紅白歌合戦も、多くの紆余曲折を経ながら、何とか今日まで生き残って来てくれています。年越しの歌番組が目白押しの昨今では、既に“一年の歌い納め”ではなくなりましたが、芸能界にとって大きなステータスである事に変りはないでしょう。特に、オオトリを務めるのは、日本を代表する歌手の証と言っても過言ではありません。

 

ビデオのない時代、紅白歌合戦は見逃すことの出来ない一年最後のビッグイベントでした。お祭り騒ぎが茶の間の笑顔を賑わせて、みかんやお菓子を頬張る子供が堂々と夜更かしの出来る特別な夜でもありました。演歌も、アイドルも、フォークやニューミュージックも、正にゴチャ混ぜの詰め合わせセット。
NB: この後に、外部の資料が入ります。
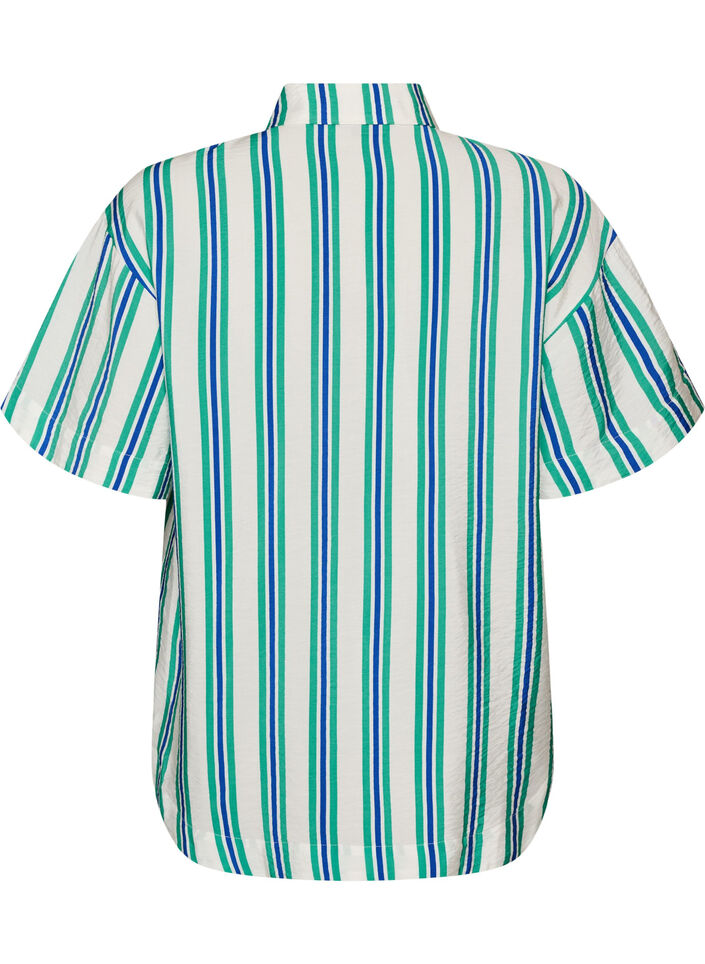 Gestreifte Bluse aus Viskose mit kurzen &Auml;rmeln, Vanille, Packshot image number 1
日本野鳥の会の皆さんが登場するまで、見ている側の誰も、それが“合戦”であるとは意識していません。出場を果たした歌手たちの晴れやかな顔が、私たちの一年の締めくくりに花を添えてくれたのでした。

 

どちらが勝ったのかも、翌年の大晦日まで思い出す事はありません。しかし、最後の大合唱が済むと同時に、画面は「ゆく年くる年」へと変わって、途端に、心が神聖な時を迎える準備に入るのでした。もうかなり前の放送になりますが、真っ白な雪に覆われた永平寺からの中継が忘れられません。何故か一瞬の映像で心の洗われた様な、静と動とを巧みに捉えた素晴らしいゆく年くる年であったと記憶しています。

 

今年もまた、あの感動に巡り合えるかも知れない。そう期待して、2015年ラストの15分を待ちたいと思います。